General federal law: Hearing types

It is important to note that at each hearing, orders will be made. Court orders can be made:

  • by consent of the parties, or
  • by decision of a judge or judicial registrar.

If you and the other party or parties reach an agreement on the day, or in the lead up to the hearing, you can present the signed agreement to the judge or judicial registrar and ask that the orders be made by consent. Consent orders can be interim (temporary) or final. If you cannot reach an agreement, the judge will make any orders necessary for your case to proceed to the next court event.

When an order is made, each person bound by the order must comply with it.

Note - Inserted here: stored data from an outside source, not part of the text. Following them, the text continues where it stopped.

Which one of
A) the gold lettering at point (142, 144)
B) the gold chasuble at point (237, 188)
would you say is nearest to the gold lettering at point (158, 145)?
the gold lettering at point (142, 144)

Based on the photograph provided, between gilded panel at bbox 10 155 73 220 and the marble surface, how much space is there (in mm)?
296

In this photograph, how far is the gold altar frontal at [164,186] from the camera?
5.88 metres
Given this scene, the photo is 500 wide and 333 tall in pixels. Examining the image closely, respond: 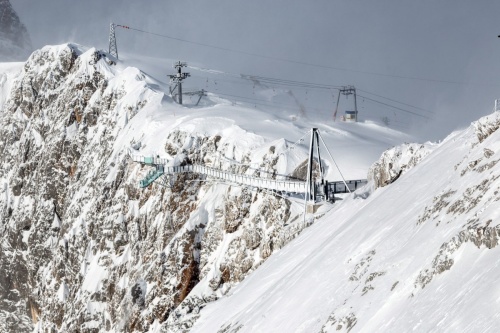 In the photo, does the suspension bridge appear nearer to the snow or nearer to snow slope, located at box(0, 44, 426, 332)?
snow slope, located at box(0, 44, 426, 332)

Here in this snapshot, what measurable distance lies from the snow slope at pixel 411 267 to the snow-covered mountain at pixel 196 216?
97 mm

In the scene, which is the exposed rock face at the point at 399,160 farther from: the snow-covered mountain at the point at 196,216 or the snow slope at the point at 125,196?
the snow slope at the point at 125,196

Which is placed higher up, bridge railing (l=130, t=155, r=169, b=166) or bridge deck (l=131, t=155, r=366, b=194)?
bridge railing (l=130, t=155, r=169, b=166)

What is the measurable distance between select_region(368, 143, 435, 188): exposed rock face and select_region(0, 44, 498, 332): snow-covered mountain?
0.43ft

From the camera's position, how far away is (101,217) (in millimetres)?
94438

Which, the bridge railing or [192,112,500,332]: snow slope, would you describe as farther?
the bridge railing

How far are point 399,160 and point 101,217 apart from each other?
5921 cm

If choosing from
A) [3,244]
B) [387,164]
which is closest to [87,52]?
[3,244]

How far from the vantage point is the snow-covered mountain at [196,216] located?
24109mm

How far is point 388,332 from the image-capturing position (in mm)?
18656

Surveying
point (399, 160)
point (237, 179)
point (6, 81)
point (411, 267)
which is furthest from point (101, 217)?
point (411, 267)

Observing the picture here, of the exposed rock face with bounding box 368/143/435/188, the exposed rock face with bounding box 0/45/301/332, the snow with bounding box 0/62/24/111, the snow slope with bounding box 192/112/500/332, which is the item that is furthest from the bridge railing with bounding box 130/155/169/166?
the snow with bounding box 0/62/24/111

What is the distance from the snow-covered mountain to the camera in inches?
949

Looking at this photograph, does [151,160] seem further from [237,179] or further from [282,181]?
[282,181]
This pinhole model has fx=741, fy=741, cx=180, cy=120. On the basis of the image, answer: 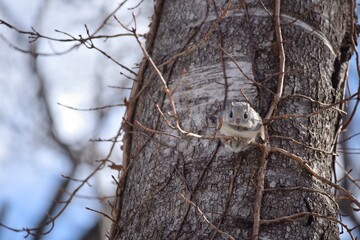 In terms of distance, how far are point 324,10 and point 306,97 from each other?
0.46m

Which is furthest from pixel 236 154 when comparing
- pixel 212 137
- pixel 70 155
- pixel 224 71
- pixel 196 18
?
pixel 70 155

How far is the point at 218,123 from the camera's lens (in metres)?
2.65

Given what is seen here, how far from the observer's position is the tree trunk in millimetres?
2545

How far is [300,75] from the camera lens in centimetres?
283

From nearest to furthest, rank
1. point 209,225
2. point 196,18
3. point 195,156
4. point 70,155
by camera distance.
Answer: point 209,225 < point 195,156 < point 196,18 < point 70,155

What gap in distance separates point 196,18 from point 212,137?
0.64 meters

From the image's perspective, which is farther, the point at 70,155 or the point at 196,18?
the point at 70,155

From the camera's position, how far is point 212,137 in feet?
8.36

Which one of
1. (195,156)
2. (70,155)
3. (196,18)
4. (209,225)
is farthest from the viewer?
(70,155)

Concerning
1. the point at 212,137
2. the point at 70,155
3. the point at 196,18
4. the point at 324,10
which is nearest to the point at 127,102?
the point at 196,18

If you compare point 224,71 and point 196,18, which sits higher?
point 196,18

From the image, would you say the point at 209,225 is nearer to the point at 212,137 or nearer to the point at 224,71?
the point at 212,137

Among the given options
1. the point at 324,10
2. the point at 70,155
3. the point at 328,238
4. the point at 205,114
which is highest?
the point at 70,155

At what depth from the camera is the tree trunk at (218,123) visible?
8.35 ft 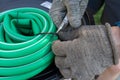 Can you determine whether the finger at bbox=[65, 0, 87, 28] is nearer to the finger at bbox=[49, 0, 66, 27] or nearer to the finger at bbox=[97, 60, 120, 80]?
the finger at bbox=[49, 0, 66, 27]

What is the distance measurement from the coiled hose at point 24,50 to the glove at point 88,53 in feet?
0.28

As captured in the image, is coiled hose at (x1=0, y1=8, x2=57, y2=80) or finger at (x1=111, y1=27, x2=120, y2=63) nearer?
finger at (x1=111, y1=27, x2=120, y2=63)

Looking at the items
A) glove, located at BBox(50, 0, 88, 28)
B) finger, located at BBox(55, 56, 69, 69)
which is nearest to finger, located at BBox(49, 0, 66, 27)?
glove, located at BBox(50, 0, 88, 28)

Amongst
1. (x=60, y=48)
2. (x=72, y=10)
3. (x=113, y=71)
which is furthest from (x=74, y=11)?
(x=113, y=71)

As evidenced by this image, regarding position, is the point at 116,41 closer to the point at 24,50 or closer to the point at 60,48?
the point at 60,48

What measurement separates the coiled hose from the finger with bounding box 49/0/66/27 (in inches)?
1.9

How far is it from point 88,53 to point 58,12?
188 mm

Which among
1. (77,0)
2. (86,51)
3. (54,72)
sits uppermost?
(77,0)

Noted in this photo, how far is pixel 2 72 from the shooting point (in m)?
0.77

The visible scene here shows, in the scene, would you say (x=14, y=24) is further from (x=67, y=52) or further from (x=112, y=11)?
(x=112, y=11)

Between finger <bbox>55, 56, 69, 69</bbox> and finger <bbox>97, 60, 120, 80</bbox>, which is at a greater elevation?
finger <bbox>55, 56, 69, 69</bbox>

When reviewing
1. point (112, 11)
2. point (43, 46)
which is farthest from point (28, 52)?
point (112, 11)

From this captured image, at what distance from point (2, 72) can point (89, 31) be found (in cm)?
31

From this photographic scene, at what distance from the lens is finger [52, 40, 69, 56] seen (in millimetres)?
725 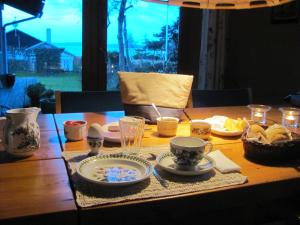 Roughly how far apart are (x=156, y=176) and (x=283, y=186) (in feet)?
1.31

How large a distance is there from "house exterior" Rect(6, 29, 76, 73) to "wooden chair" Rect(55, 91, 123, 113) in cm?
147

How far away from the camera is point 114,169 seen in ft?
3.16

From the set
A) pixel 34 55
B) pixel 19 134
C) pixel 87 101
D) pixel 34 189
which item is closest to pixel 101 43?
pixel 34 55

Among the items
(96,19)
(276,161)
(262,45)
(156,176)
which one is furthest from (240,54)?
(156,176)

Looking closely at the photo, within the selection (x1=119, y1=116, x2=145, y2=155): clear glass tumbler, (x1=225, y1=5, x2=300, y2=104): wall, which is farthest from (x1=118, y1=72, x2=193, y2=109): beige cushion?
(x1=225, y1=5, x2=300, y2=104): wall

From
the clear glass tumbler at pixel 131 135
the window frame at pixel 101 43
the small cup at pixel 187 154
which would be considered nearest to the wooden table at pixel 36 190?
the clear glass tumbler at pixel 131 135

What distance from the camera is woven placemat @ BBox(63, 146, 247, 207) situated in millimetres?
784

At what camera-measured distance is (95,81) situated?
333 centimetres

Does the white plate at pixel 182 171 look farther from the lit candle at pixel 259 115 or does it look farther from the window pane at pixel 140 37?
the window pane at pixel 140 37

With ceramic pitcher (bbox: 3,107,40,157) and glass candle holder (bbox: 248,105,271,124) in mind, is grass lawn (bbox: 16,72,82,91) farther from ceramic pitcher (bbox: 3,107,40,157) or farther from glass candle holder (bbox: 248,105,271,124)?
ceramic pitcher (bbox: 3,107,40,157)

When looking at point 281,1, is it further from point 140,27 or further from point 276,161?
point 140,27

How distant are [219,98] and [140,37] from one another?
152 centimetres

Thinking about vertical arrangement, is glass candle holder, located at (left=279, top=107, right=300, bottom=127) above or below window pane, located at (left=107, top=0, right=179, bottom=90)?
below

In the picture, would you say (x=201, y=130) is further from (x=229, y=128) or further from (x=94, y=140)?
(x=94, y=140) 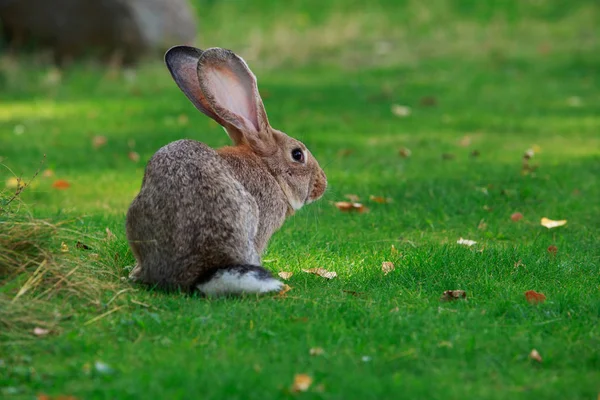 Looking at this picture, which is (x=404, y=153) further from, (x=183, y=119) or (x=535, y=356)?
(x=535, y=356)

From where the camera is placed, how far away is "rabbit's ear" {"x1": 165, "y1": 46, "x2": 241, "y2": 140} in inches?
255

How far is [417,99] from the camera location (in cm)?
1355

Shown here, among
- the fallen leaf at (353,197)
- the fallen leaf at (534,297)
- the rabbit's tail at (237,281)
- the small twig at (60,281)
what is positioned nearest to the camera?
the small twig at (60,281)

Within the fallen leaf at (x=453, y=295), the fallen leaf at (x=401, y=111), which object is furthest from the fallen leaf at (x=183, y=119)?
the fallen leaf at (x=453, y=295)

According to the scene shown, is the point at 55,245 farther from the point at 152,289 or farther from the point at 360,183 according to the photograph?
the point at 360,183

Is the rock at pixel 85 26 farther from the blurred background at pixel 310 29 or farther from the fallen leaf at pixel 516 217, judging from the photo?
the fallen leaf at pixel 516 217

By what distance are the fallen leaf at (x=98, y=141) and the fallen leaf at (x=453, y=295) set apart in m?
5.95

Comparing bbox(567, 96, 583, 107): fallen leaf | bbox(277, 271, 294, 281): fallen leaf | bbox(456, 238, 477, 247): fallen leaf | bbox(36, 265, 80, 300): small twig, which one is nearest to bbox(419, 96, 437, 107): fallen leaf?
bbox(567, 96, 583, 107): fallen leaf

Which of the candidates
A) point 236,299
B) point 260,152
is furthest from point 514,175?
point 236,299

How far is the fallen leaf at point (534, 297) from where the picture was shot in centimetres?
554

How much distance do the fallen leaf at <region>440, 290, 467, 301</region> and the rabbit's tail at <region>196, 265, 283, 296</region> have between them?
38.4 inches

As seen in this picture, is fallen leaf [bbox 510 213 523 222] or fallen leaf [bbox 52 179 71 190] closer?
fallen leaf [bbox 510 213 523 222]

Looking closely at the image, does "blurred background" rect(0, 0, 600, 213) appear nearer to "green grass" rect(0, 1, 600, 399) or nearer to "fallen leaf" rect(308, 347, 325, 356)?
"green grass" rect(0, 1, 600, 399)

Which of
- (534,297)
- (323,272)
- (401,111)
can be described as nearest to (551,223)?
(534,297) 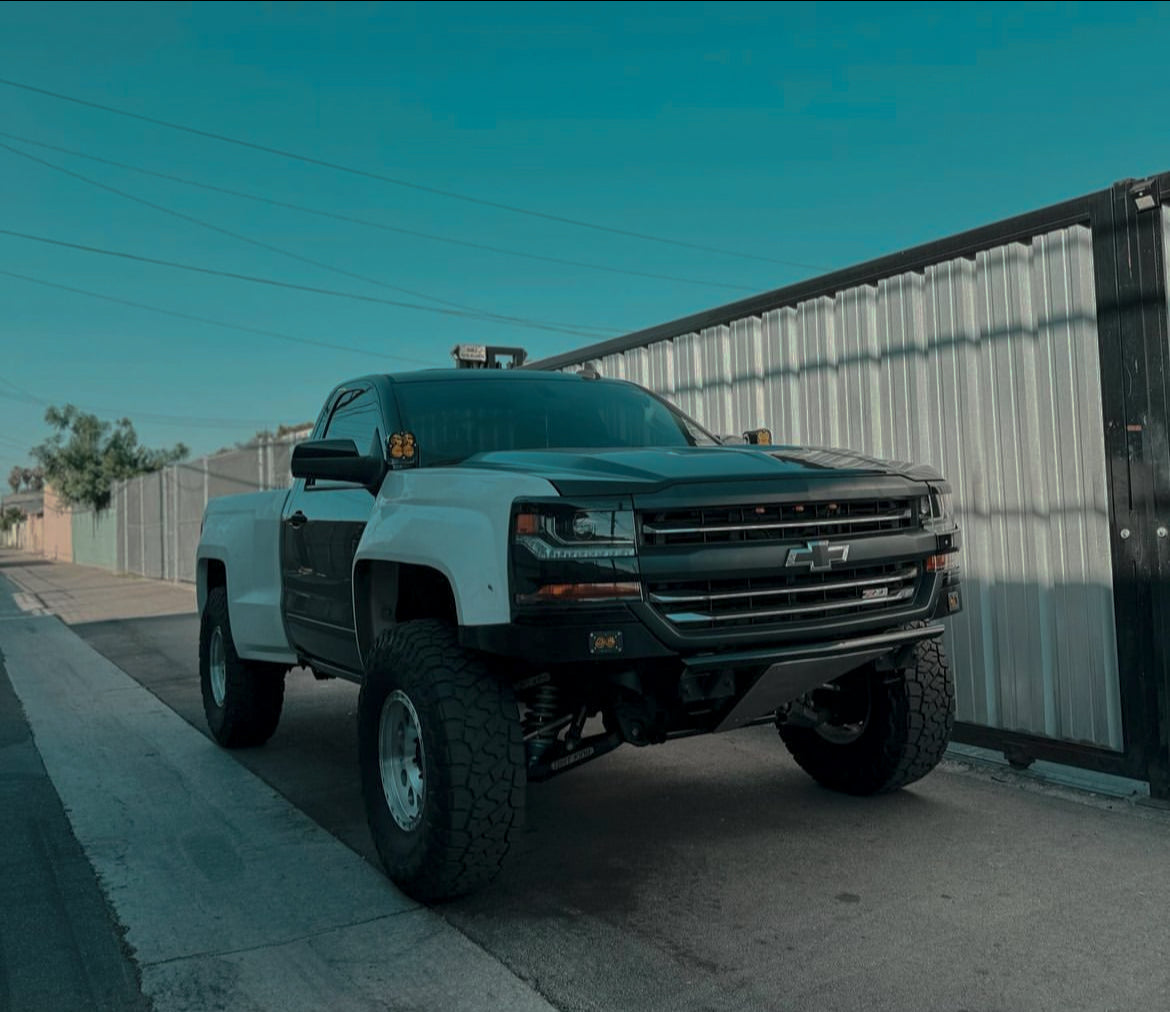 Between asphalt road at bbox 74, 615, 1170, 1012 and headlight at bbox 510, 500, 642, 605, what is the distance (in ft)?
3.93

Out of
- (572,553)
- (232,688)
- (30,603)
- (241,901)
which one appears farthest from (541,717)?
(30,603)

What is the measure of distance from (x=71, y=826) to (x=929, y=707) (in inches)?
161

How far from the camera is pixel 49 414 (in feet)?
145

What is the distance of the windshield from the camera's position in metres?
4.94

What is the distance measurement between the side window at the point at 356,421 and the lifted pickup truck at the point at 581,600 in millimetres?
37

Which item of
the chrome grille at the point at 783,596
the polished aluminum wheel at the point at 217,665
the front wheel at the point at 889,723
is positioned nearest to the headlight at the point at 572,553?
the chrome grille at the point at 783,596

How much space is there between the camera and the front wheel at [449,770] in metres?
3.73

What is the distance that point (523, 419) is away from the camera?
16.7ft

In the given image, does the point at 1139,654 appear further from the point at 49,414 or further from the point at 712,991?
the point at 49,414

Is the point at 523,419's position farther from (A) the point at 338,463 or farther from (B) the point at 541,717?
(B) the point at 541,717

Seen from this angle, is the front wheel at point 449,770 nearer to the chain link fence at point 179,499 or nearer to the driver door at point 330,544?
the driver door at point 330,544

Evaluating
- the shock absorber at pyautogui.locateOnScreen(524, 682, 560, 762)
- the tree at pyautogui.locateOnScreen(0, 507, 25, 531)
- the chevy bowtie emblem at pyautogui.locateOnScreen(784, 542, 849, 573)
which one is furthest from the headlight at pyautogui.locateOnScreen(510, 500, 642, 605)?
the tree at pyautogui.locateOnScreen(0, 507, 25, 531)

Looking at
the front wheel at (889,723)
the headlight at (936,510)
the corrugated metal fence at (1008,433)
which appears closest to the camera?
the headlight at (936,510)

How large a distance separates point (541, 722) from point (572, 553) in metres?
0.95
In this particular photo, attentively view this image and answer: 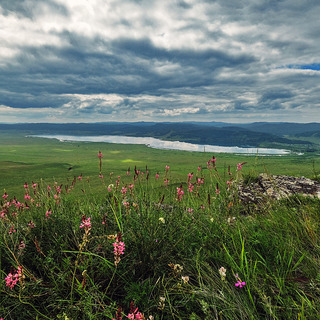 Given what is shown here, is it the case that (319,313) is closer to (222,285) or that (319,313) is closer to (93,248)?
(222,285)

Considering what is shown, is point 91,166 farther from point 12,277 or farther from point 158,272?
point 12,277

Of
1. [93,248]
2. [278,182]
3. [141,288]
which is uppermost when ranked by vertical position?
[93,248]

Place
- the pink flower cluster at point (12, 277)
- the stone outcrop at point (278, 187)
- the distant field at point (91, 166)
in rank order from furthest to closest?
the distant field at point (91, 166)
the stone outcrop at point (278, 187)
the pink flower cluster at point (12, 277)

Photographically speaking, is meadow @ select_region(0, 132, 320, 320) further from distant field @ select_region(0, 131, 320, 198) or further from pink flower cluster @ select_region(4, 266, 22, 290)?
distant field @ select_region(0, 131, 320, 198)

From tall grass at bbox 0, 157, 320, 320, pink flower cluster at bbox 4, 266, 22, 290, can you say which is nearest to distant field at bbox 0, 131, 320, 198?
tall grass at bbox 0, 157, 320, 320

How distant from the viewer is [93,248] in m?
2.76

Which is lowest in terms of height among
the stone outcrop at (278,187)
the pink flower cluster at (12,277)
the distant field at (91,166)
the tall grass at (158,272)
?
the distant field at (91,166)

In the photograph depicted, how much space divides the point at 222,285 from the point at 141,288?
0.84 metres

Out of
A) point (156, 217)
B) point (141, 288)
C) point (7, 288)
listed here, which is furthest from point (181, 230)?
point (7, 288)

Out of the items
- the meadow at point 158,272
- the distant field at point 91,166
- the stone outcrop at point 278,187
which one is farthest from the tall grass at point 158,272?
the distant field at point 91,166

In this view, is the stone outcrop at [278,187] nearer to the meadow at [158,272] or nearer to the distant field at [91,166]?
the meadow at [158,272]

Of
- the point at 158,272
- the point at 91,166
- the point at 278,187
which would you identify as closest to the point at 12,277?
the point at 158,272

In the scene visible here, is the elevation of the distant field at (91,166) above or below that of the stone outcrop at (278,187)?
below

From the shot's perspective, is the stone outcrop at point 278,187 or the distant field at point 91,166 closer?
the stone outcrop at point 278,187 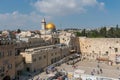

The Court will notify you on how your matter will be heard, for example in person or a remote hearing.

Hearing types 

First court date (directions hearing)

When you initiate your case in the Court, the documents you file will be stamped with a date for the first ‘directions hearing’. This is usually the first time that people involved in a case appear in court. 

Your directions hearing may only take a short while – 15 minutes or less. The purpose of the hearing is to work out the timing of your matter, not to hear the substantial facts of the case. You may be asked how long you think the final hearing will take. This allows the Court to schedule your final hearing.

In addition to possibly setting the date for a final hearing, the Court may, on this date:

  • give directions (instructions on the next step/s that are required in a case), including directions to attend mediation or other dispute resolution
  • approve proposed consent orders (either provided to the Court before the hearing or at the hearing)
  • if time permits, conduct an interim hearing (a short hearing about an urgent or defined issue) and make interim orders
  • make final orders for certain types of applications, and
  • give directions of steps to be taken in preparation for the final hearing, including setting deadlines for filing and serving documents.

The first court date also provides the parties with an opportunity to define the issues that are in dispute and, if possible, reach an agreement.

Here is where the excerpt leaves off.